Section: Research Program
Knowledge Discovery guided by Domain Knowledge
- Keywords:
-
knowledge discovery in databases, knowledge discovery in databases guided by domain knowledge, data mining, data exploration, formal concept analysis, classification, pattern mining, numerical methods in data mining.
Knowledge discovery in databases (KDD) aims at discovering patterns in large databases. These patterns can then be interpreted as knowledge units to be reused in knowledge systems. From an operational point of view, the KDD process is based on three main steps: (i) selection and preparation of the data, (ii) data mining, (iii) interpretation of the discovered patterns. The KDD process –as implemented in the Orpailleur team– is based on data mining methods which are either symbolic or numerical.
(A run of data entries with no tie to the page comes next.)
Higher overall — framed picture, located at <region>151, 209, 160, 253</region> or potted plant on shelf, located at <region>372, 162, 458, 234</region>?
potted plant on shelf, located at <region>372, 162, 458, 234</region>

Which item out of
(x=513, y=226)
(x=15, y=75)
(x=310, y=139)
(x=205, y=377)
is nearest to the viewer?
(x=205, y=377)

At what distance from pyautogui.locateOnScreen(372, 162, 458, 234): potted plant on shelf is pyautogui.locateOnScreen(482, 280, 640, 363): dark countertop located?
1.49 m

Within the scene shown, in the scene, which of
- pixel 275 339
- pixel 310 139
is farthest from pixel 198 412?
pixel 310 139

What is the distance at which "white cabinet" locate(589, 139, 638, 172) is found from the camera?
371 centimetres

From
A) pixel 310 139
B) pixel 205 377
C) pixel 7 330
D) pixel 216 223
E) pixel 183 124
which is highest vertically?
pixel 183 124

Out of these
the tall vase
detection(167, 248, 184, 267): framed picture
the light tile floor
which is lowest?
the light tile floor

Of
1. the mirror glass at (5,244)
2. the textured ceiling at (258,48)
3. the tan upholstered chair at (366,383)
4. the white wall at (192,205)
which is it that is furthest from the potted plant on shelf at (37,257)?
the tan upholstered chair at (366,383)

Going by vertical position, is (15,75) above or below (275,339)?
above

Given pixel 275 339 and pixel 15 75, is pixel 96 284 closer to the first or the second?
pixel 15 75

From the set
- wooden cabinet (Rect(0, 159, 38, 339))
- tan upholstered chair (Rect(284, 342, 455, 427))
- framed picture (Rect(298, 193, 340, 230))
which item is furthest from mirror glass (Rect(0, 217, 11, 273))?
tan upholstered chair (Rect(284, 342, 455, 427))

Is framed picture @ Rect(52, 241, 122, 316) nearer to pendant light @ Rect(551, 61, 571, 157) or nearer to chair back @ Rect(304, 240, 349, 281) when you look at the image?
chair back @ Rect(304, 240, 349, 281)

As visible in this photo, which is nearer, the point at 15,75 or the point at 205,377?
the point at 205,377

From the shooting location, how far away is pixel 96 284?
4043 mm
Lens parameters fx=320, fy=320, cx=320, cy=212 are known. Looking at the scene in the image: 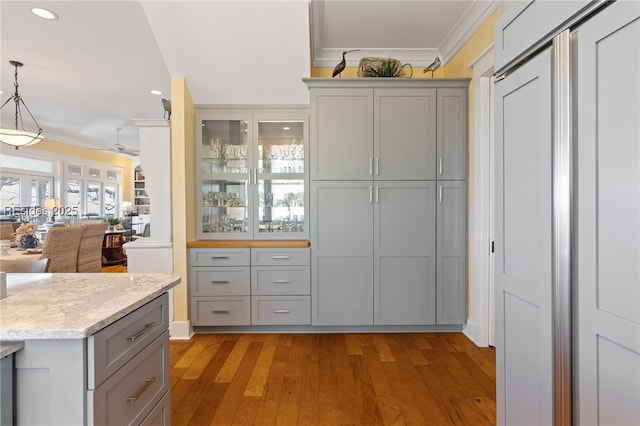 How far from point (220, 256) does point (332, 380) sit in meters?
1.53

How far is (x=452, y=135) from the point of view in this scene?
3.01 meters

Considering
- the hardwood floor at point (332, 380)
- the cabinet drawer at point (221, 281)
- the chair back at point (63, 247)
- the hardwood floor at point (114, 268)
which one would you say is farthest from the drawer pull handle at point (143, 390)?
the hardwood floor at point (114, 268)

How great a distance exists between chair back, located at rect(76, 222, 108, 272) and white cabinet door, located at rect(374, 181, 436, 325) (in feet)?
11.9

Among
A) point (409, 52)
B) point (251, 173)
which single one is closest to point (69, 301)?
point (251, 173)

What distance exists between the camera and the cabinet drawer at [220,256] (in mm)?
3074

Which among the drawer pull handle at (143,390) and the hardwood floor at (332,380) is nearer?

Symbolic methods are based on pattern mining (e.g. mining frequent itemsets, association rules, sequences...), Formal Concept Analysis (FCA [78]) and extensions of FCA such as Pattern Structures [84] and Relational Concept Analysis (RCA [90]). Numerical methods are based on probabilistic approaches such as second-order Hidden Markov Models (HMM [85]), which are well adapted to the mining of temporal and spatial data. Other numerical methods in data mining which are also of interest for the team are Random Forests, SVM, and neural networks.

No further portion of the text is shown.